Southwestern Black Bean Egg Rolls
Southwestern Black Bean Egg Rolls:
1 package of 20 egg roll wrappers (sold in the produce section of most grocery stores)
2 Roma tomatoes, diced
2 cans of black beans, lightly rinsed
1 can of corn
1/2 cup shredded mozzarella
1/2 cup fruit based salsa (apple salsa is suggested)
1/4 cup brown rice (measured uncooked)
1 tablespoon chili powder
1/2 teaspoon basil
1/4 teaspoon salt
1/4 teaspoon garlic powder
1 minced jalapeno or pablano pepper (optional)
Prepare rice according to package instructions. In a large mixing bowl, empty the two cans of beans. Use a large spoon to smash them for a couple of minutes just until some are mashed enough to begin to form a paste. Mix in the rest of the ingredients including rice.
To wrap the egg rolls: Lay one egg roll wrapper on a flat surface with one corner of the egg roll wrapper facing you. Have a small bowl with water near by. Place two large spoon fulls of filling on the wrapper between the middle and the the corner facing you. Neatly roll the wrapper toward the edge farthest from you. Dab your finger in the bowl of water and wet the left and right corners, then fold in. Finish by dabbing the far corner with water and roll up, leaving no gaps for filling to seep out. Place filled wrappers on a lightly oiled cookie sheet.
Bake at 400° F for 20 minutes, then flip and bake for another 5-10 minutes until wrappers begin to harden and become golden brown. Makes 20 egg rolls. You can use your remaining salsa as dip. If you choose to halve the recipe, the wrappers freeze very well in a freezer bag or Pyrex dish.

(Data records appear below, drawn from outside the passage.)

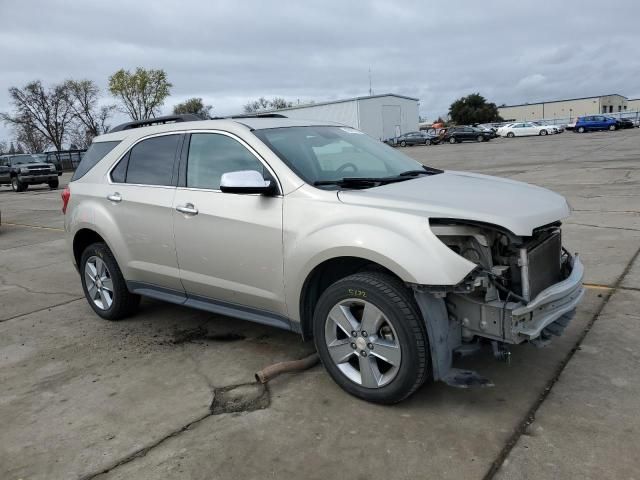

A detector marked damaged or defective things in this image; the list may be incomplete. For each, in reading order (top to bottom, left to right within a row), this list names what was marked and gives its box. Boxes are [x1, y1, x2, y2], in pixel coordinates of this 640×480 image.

rusty pipe on ground [255, 350, 320, 384]
cracked concrete [1, 128, 640, 480]
damaged silver suv [63, 114, 584, 404]
car front end damage [412, 219, 584, 388]
crumpled front bumper [510, 253, 584, 340]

Serving Size 1 Egg Roll; Calories 124; Total Fat 1.3 g; Saturated Fat 0.4 g; Cholesterol 3.7 mg; Sodium 339.0 mg; Potassium 94.5 mg; Total Carbohydrates 24.8 g; Dietary Fiber 2.8 g; Sugars 0.8 g; Protein 5.6 g.

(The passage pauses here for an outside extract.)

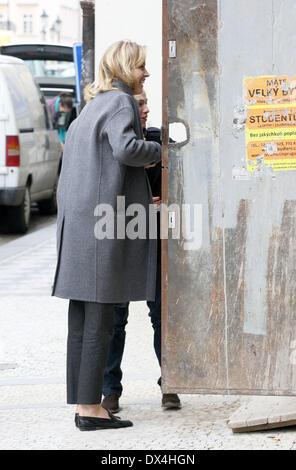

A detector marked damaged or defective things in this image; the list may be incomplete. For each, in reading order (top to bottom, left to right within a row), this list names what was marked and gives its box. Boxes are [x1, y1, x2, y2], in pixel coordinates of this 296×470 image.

rusty metal door [163, 0, 296, 396]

Vitamin A 1.2 % Daily Value; Vitamin C 2.4% DV; Calcium 4.8 % DV; Copper 2.0 % DV; Folate 6.3 % DV; Iron 9.8 % DV; Magnesium 1.8 % DV; Manganese 8.0 % DV; Niacin 6.5 % DV; Pantothenic Acid 1 % DV; Phosphorus 2.7 % DV; Riboflavin 5.3 % DV; Selenium 8.5 % DV; Thiamin 2.7 % DV; Zinc 1.7% DV.
Clean Eating Notes:
What I love about Pyrex is the containers are all glass and the lids are all BPA-free, so you can use them in the microwave if you want and you don’t have to worry about anything leaching into your food. They work pretty well for freezing things too.
I used a salsa I found at Aldi called Specially Selected Sassy Apple Fall Harvest Salsa. It’s a seasonal item they stock in the fall. Any apple or fruit based salsa should work though.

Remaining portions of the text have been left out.